YOUR ASSIGNMENT: Your task is to restate word for word the lines in the material below, from the one with "This is my Estes" up to and including the one with "In the end, what". Do not carry over the pictures.
=====
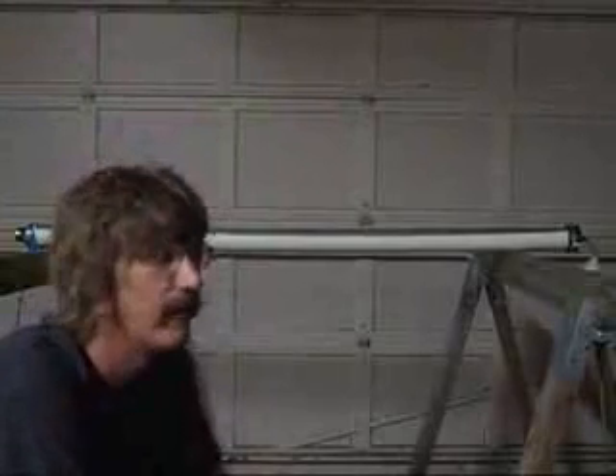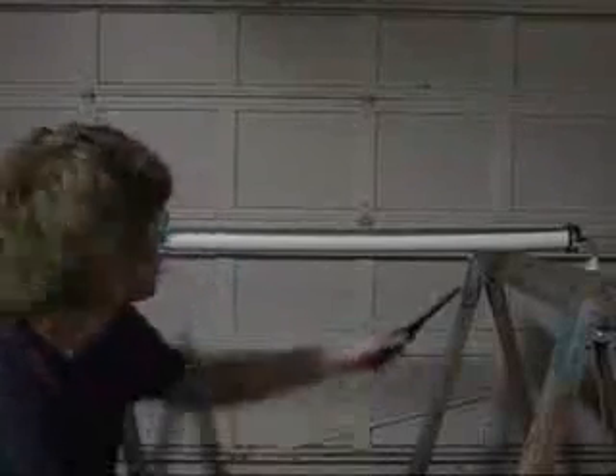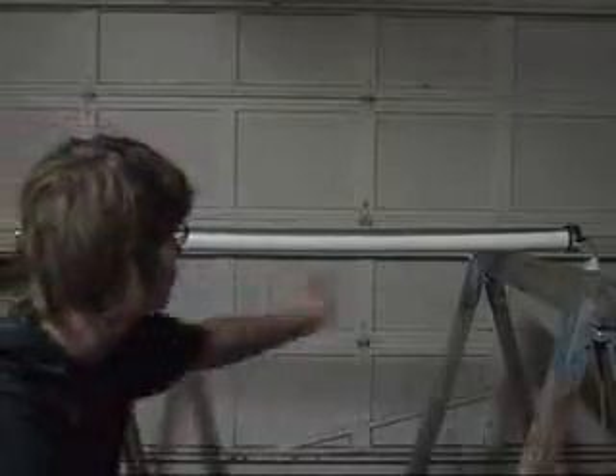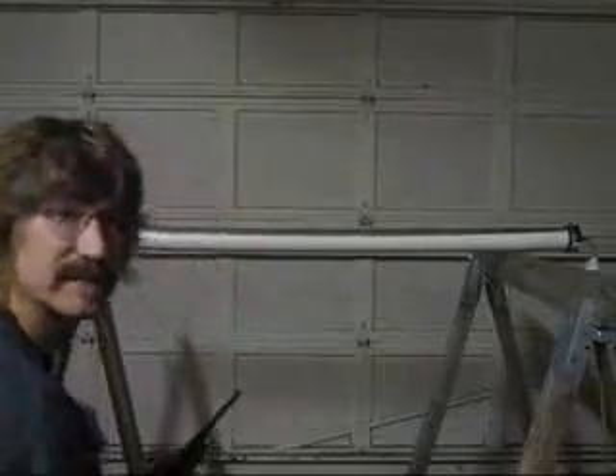Let's do a classic physics experiment called the Rubens tube. I really wanted to bring it down but it involves open flames and some people have issues with open flames. What we have here is a length of PVC pipe with about a hundred or so holes drilled at half inch increments. Got some foil tape to keep it from melting. On this side we've got a two inch speaker matching the diameter of this two inch tube. On that side we've got some lab tubing leading to some propane. So let's fire it up and see what it does.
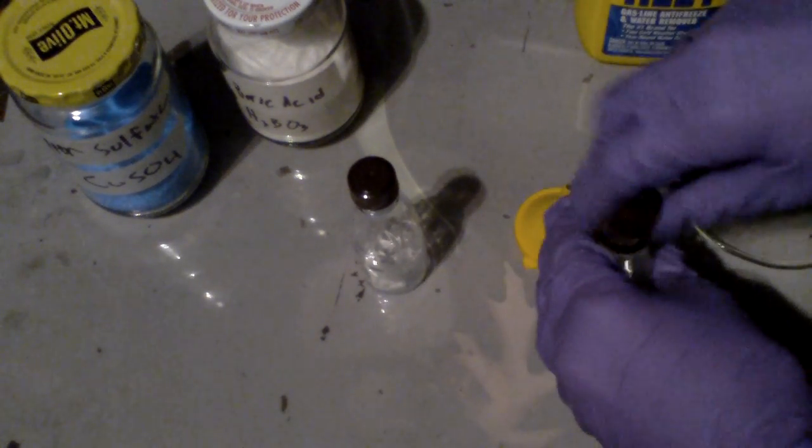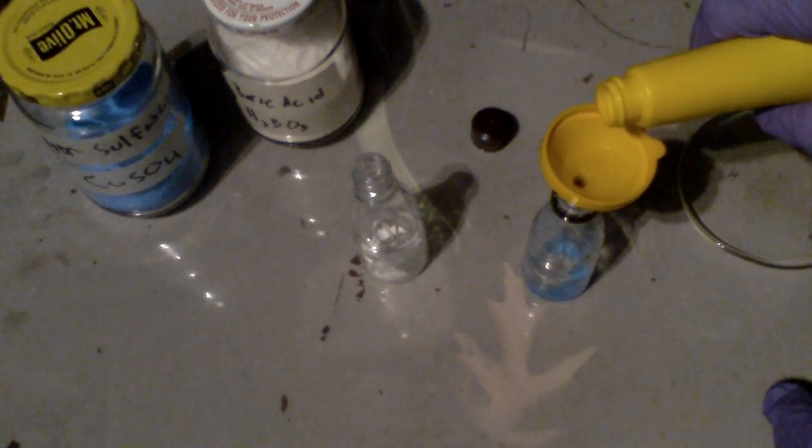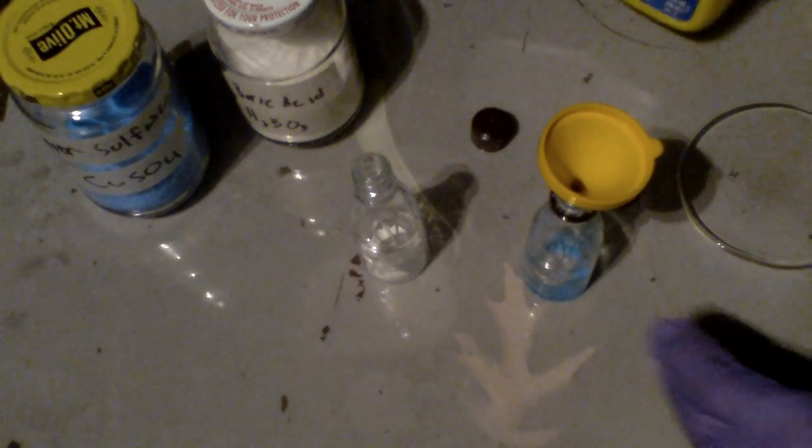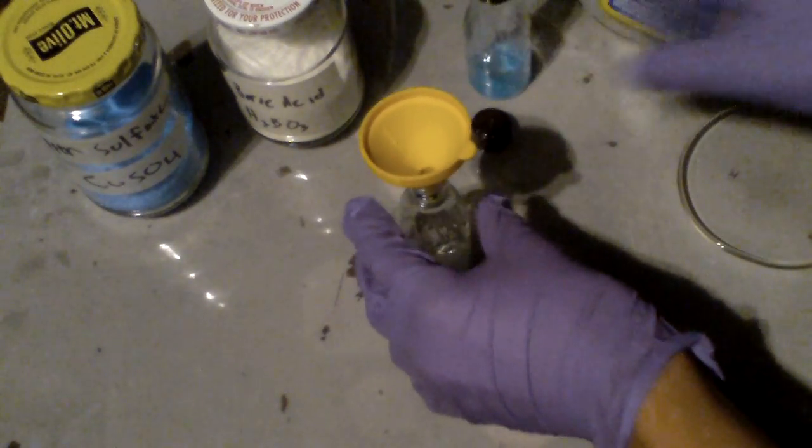Now open up your jars and add a small amount of methanol into both of them. It doesn't have to be that much. Then do the same for the boric acid.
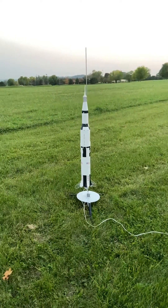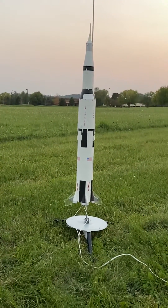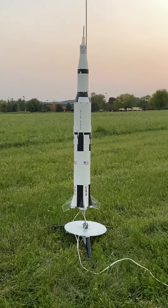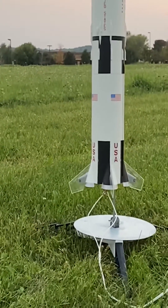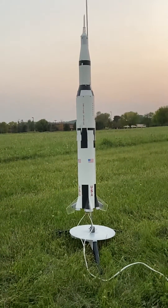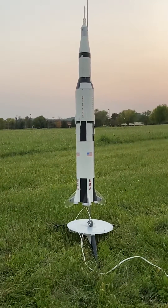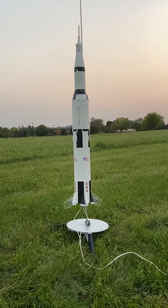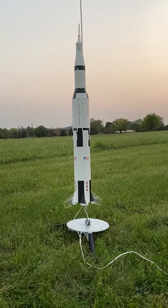This is my Estes K-36 Saturn V. This is the one that they made from 1969 up through 1985. It's the one where they had to slip the plastic fins over the scale fins to create enough fin surface area. You could fly it on one D12-3 engine or a cluster of three C engines. Just to add a little bit of realism to it, I'm flying it on a cluster of three C-53 engines — that's Estes' newly reintroduced Super C engine.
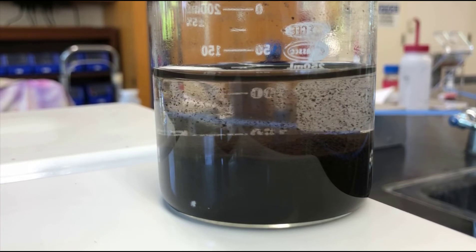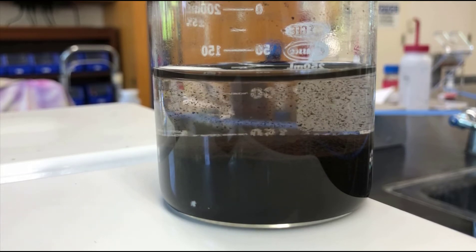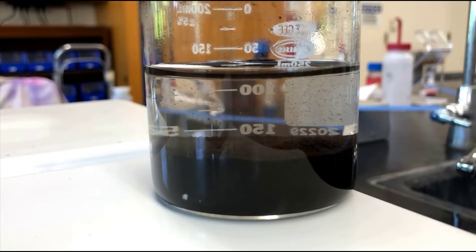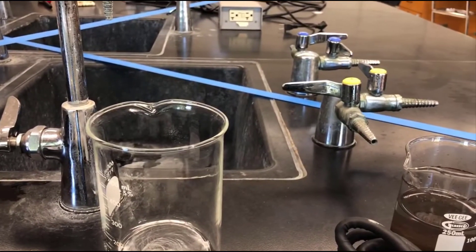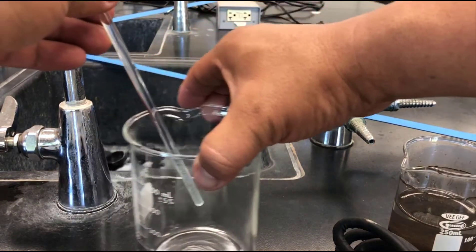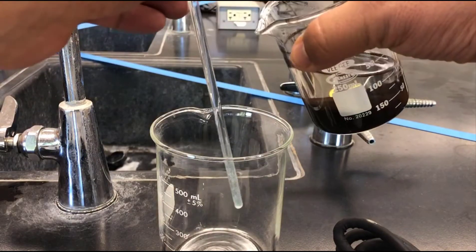In the end, what we should be left with is water and then the copper oxide product. I'm going to show you how to decant the liquid. This is kind of technique-based, so it requires two hands. I'm going to go ahead and try to do it around the camera. This is a waste beaker, and it's just one of those things that's useful to have around.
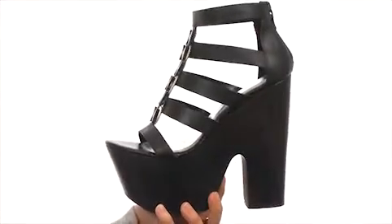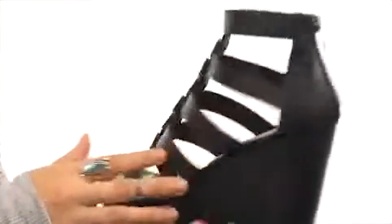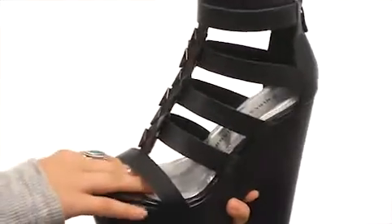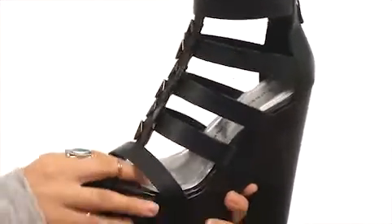Here we have this wonderful strapped leather upper with pyramid detailing at the toe. Not to mention a nice back zip so you can have a little bit of an easier time getting these on and off. We also have a nice man-made lining with a lightly cushioned man-made footbed followed by a wrapped platform and heel.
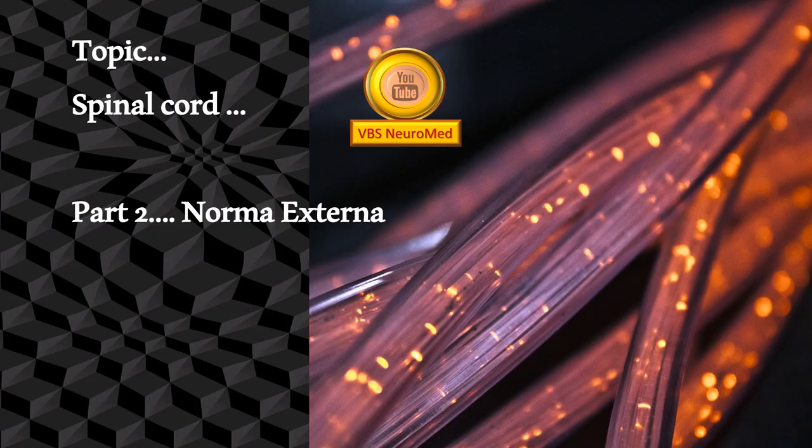In this series, this particular topic is part 2 of the spinal cord series. We will call this Norma Externa — that means the spinal cord details as seen from outside. That is, as soon as you open the vertebral column, whatever details you can see on the surface of the spinal cord, we will discuss.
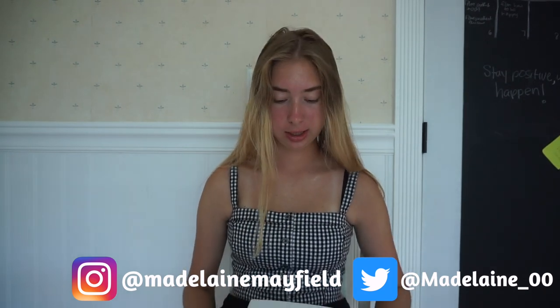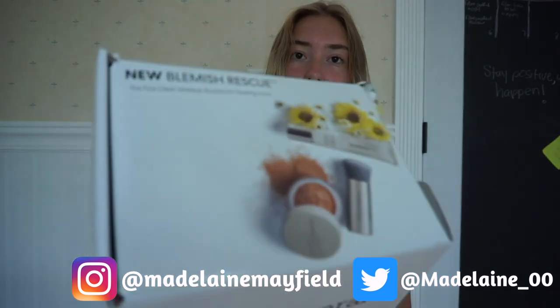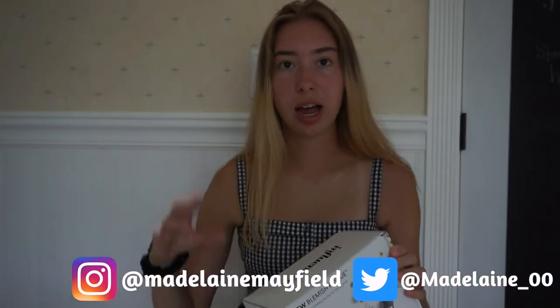Today I'm reviewing this new Bare Minerals Blemish Rescue — it's like a kit. For people who have acne and are trying to clear it and cover it up at the same time, I think this would be perfect. So I'm going to review it and see if it's good.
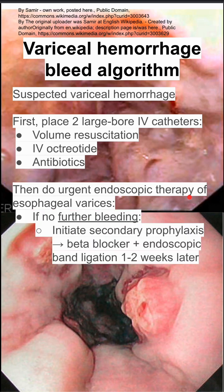If the patient, after the endoscopy, has no further bleeding, you want to initiate secondary prophylaxis. Give them beta blockers — they'll take a non-selective beta blocker that'll help with vasodilation. You can also do an endoscopic band ligation one to two weeks later.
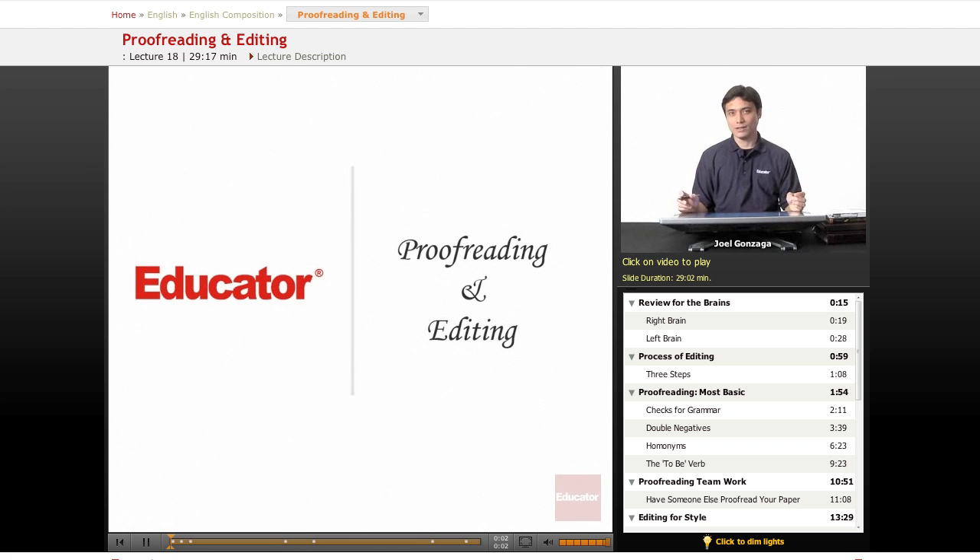Welcome again to Educator.com and thank you so much for being prepared and getting stuff written, because now comes the grueling task of proofreading and editing.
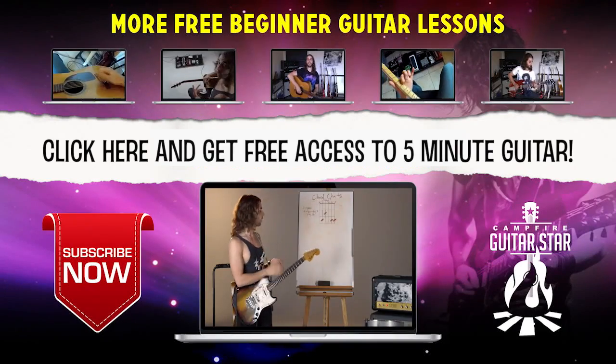In the meantime, subscribe to this YouTube channel and leave a comment below. We'll take care of you — we'll get you ripping on this guitar thing and playing all your favorite songs and styles. So until the next video, keep on ripping it up.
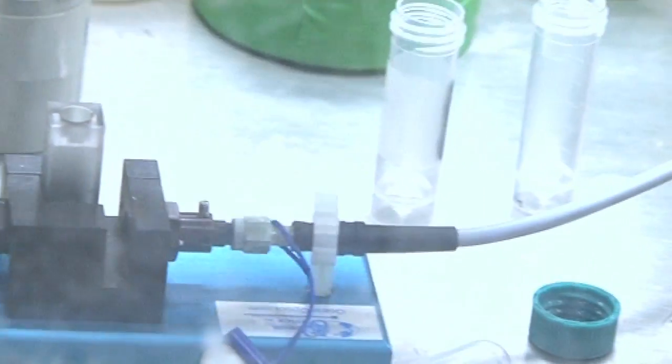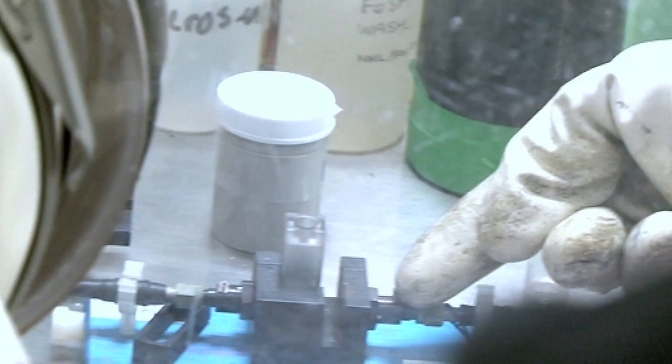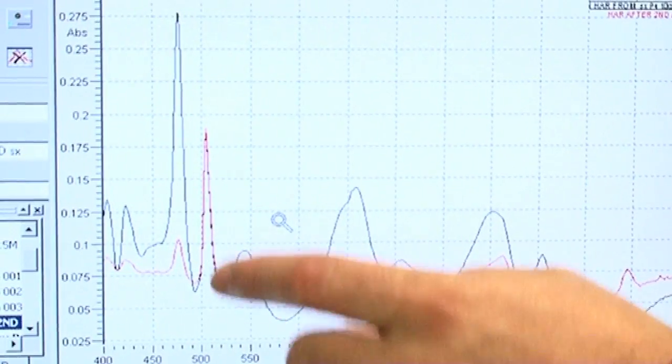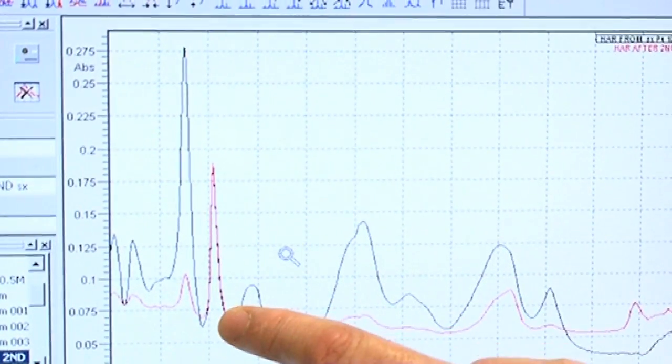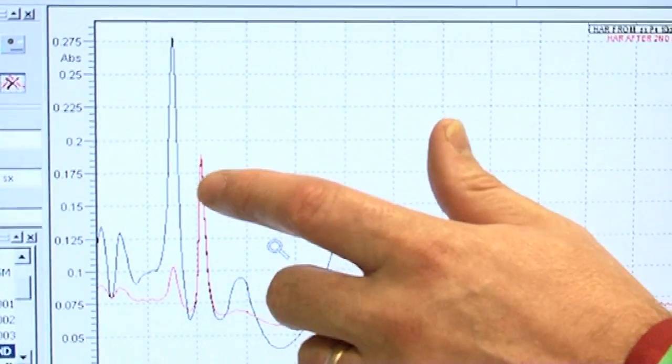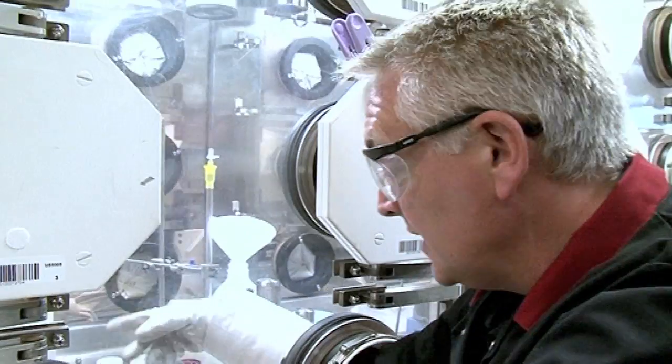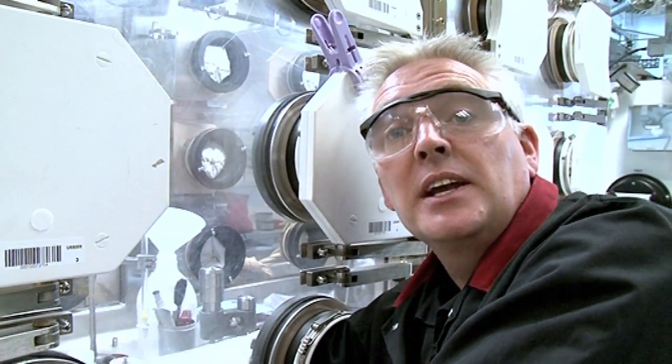The spectroscopy cell holder has two fibre optic connections to it. What happens is we pass light from the spectrometer through these fibre optic cables, through the solution, and out the other side. The spectrometer provides a fingerprint of what element is in that solution, and that fingerprint is very specific to Americium.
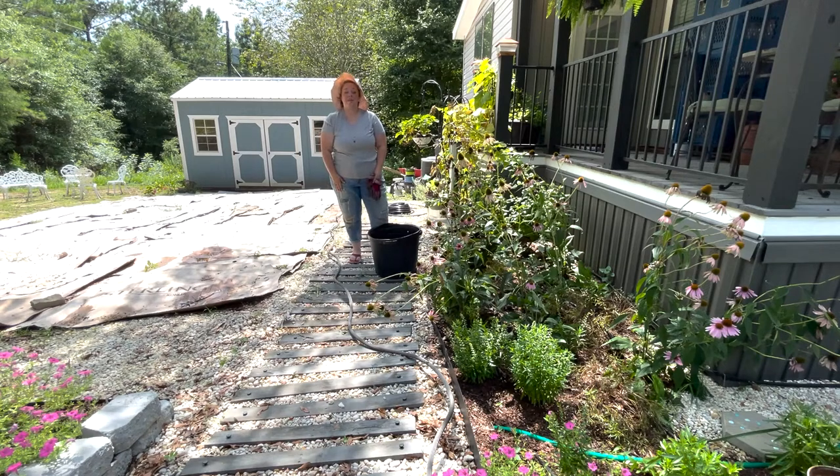Hey y'all, it's Betsy from Happily Ever After Exceder and I'm back with another gardening project.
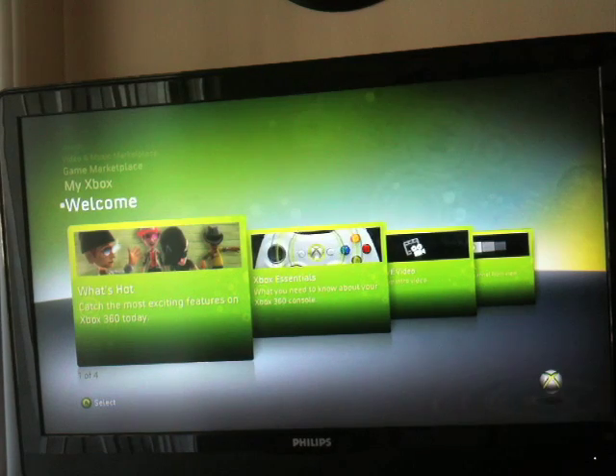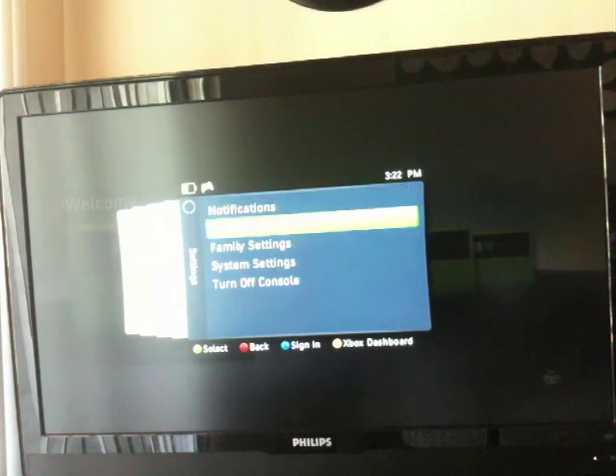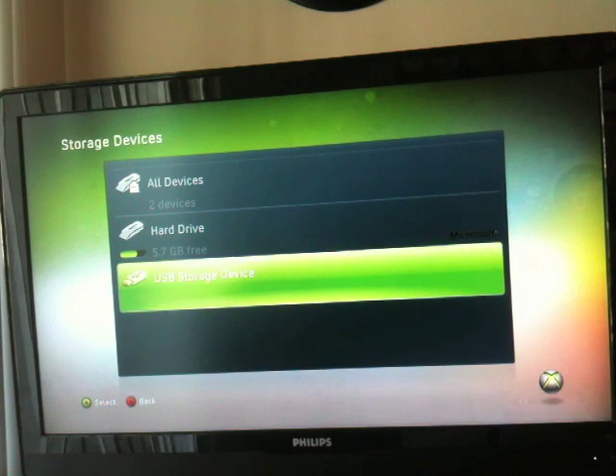All right, guys. The first thing you need to do is just pull up the Quick Start menu here, and go over to Settings, and hit System Settings. Then go to Memory. And you can see that I have inserted my little jump drive right there, my USB storage.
=====
ANSWER BOX:
This is my Estes K-36 Saturn V. This is the one that they made from 1969 up through 1985. It's the one where they had to slip the plastic fins over the scale fins to create enough fin surface area. You could fly it on one D12-3 engine or a cluster of three C engines. Just to add a little bit of realism to it, I'm flying it on a cluster of three C-53 engines — that's Estes' newly reintroduced Super C engine.
In the end, what we should be left with is water and then the copper oxide product. I'm going to show you how to decant the liquid. This is kind of technique-based, so it requires two hands. I'm going to go ahead and try to do it around the camera. This is a waste beaker, and it's just one of those things that's useful to have around.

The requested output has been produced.